Lisa Fithian, interviewed by Randy Childs

Lisa Fithian, one of the initial organizers in the Direct Action Network after Seattle, is currently working in RANT (Radical Action Nonviolence Trainers, a.k.a. Root Activist Nonviolence Trainers), a training collective in Los Angeles. She is a longtime community and labor organizer who has been working within the anti-corporate globalization movement for the past two years.

AS WE talk, you’re packing your bags for Genoa. You were one of the people involved in organizing for Seattle. What has changed in the movement since Seattle?

A LOT has changed or "evolved" since Seattle. Since there has always been oppression, there has been resistance. All of the work that we see today comes from that legacy. I think in the United States we have a history of nonviolent civil disobedience. It came from work that Gandhi did in South Africa and India, which Jim Lawson brought to the United States, and helped [Martin Luther] King Jr. in the South. This is a very different history than Europe.

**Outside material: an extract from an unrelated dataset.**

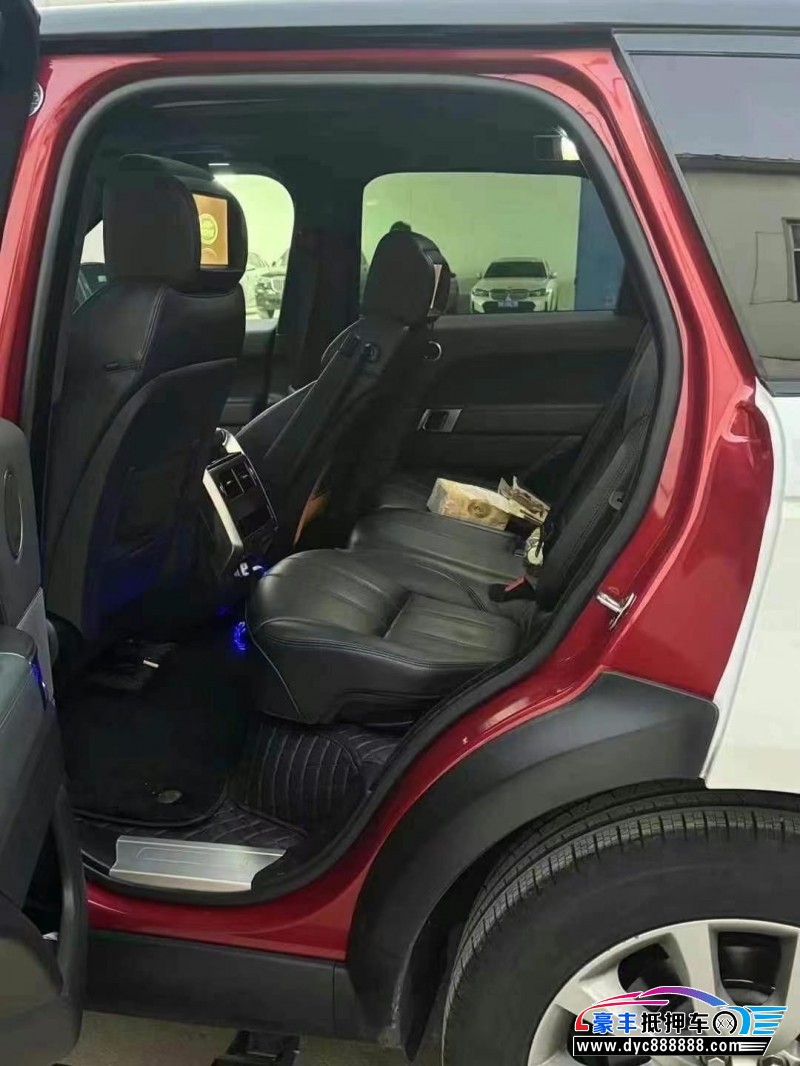 14年路虎揽胜运动版轿车抵押车出售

Seattle brought the legacy of the civil rights movement back into the streets. Many of the alternative models that you see us using today around decentralized structures, nonhierarchical models, have their roots in the anarchist movement in Spain between the late 1800s and the early 1900s. These models were influenced by the feminist movement and then used during the antinuclear movement and the Central America solidarity movement. Now it’s a new thing for a whole new generation. That’s one of the things that is evolving; people are learning how they can work in alternative social structures with decision-making processes that are different than what are mainstream in our society.

I feel like there is a lot of learning and growing happening and a lot of developing of capacity that’s beginning to consolidate itself. There’s a broadening and deepening of experience, especially with young people today, which is one of the most exciting and hopeful things.

I think that issues of oppression and power dynamics and relationships need to be at the fore of a lot of discussions and debates. And this is happening. People are beginning to understand at a deeper level that we have to be ever-vigilant, particularly white people in looking at how we both participate in and are impacted by issues of white supremacy and racism. We also need to spend more time looking at issues of patriarchy and sexism, which continue to play out negatively in our work. And at issues of ageism.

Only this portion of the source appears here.